YES…..but not in the traditional sense. Let me explain:
Most people expect that sales simply stopped coming in after the economic downturn, this hasn’t been true even though House Of Rave sells things people buy only on disposable income. In fact, if you never told me there was a “recession” going on, I probably wouldn’t have noticed too much….people still order all the time (although I’ve seen a very significant drop in big orders from large corporations).
The MAIN problem I’ve had which takes a DIRECT shot at lowering my sales is all the cool products are out of stock. Almost all of my previous best sellers are no longer being manufactured.
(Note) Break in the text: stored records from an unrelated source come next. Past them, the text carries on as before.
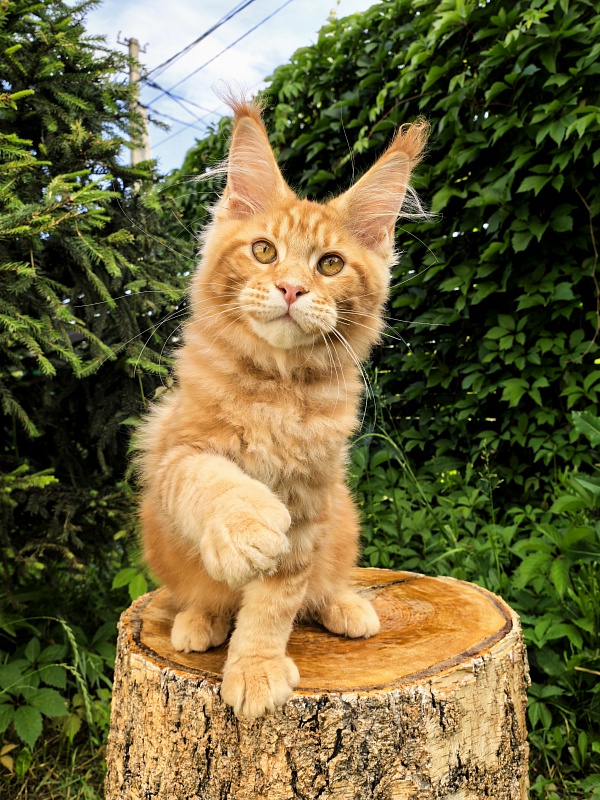 Elit Pepper Akbars - Kitten maine-coon 3 months 1 week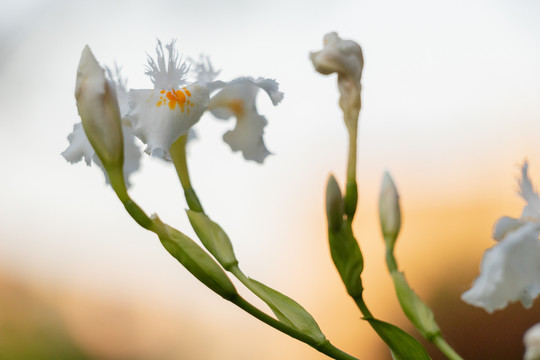 春天绿色植物野花花苞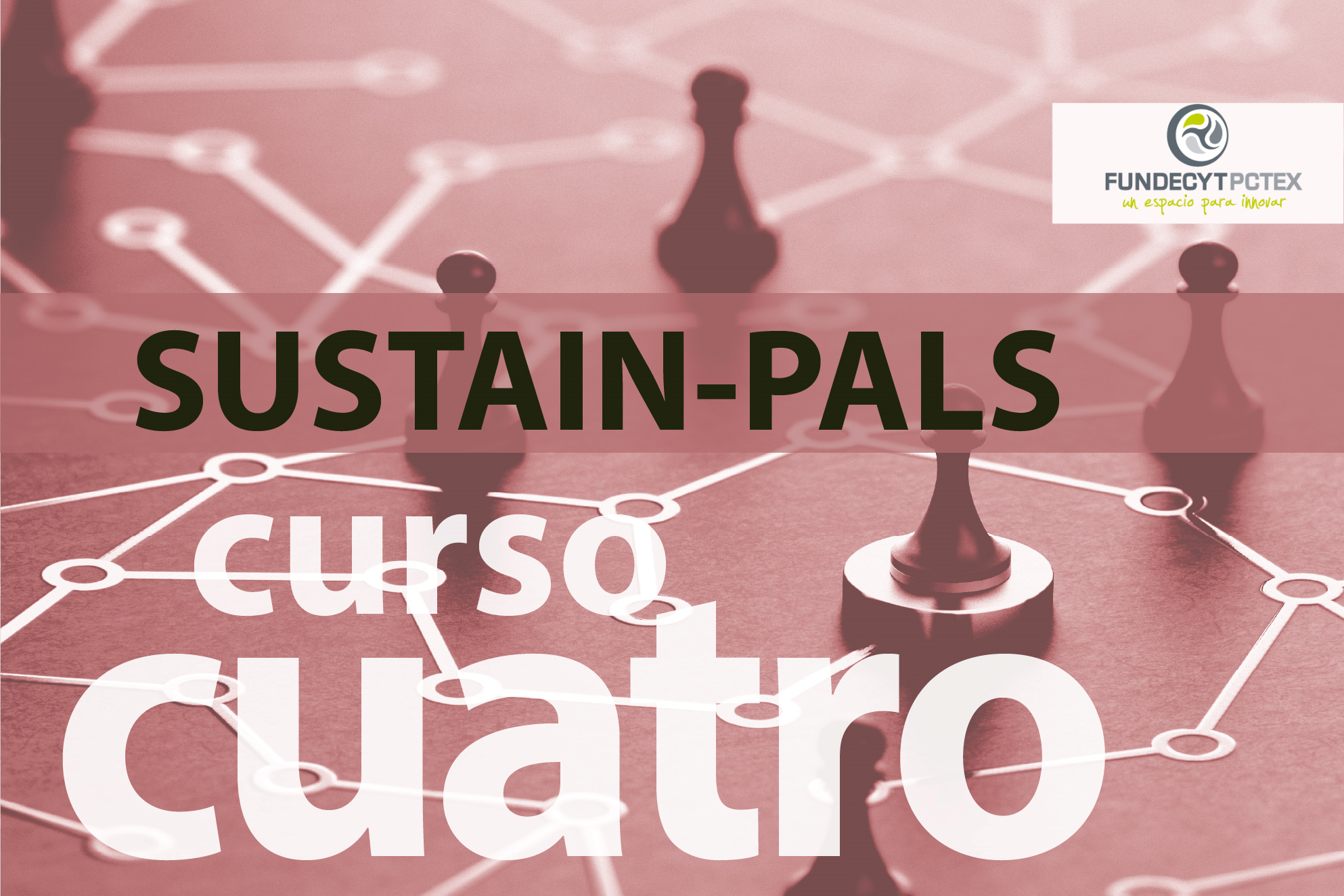 SUSTAIN PALS: Cómo elaborar y ejecutar planes de acción.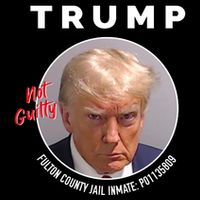 Funny Not Guilty Fulton County Jail Inmate P01135809 Mugshot Wool Snapback Cap
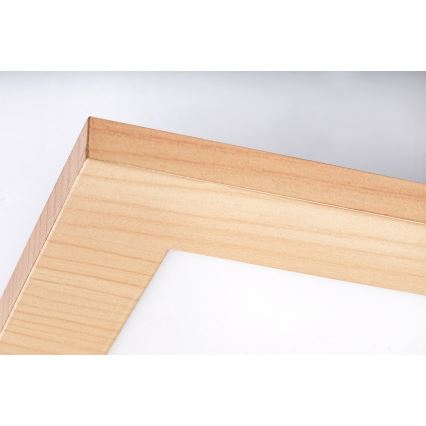 Rabalux - LED Felületre szerelhető panel LED/12W/230V 4000K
HouseOfRave sells “hard to find” and “unique” products….which often means “they don’t sell it in big stores”. This has been great so far, but a problem I’m seeing now is manufacturers are on tight budgets and don’t have the capital required to mass produce slower selling items. I may be able to sell 10 per day of an item, but a manufacturer might need to sell 10,000 of them per day to keep cash flow moving.
….so unless an item can move HUGE quantities quick, the product might be discontinued.
This has been the predominate way that my business has been affected. The cool part is, with more marketing and more effort I’ve been able to maintain and grow both the profit and sales of the business, but it’s required more effort than in the past (keep in mind I used to put NO effort into it at all). Before, I would just slap products on the site and they sold….it doesn’t seem to be quite as easy anymore.
Many smaller manufacturers and product patent holders are going out of business now. Think about it, to manufacture just ONE simple product you must spend hundreds of thousands of dollars for materials and labor, store them, then find people to buy them. Before you make even one CENT from the product, you could blow through a half-million dollars on credit. If the product is a flop (note the importance of beforehand PRODUCT RESEARCH) you’re screwed…..and I’m just using the example of small-scale manufacturing of novelty products.
While my business doesn’t have the extreme overhead of these manufacturers, I feel their pain indirectly when a cool product of theirs goes out of stock.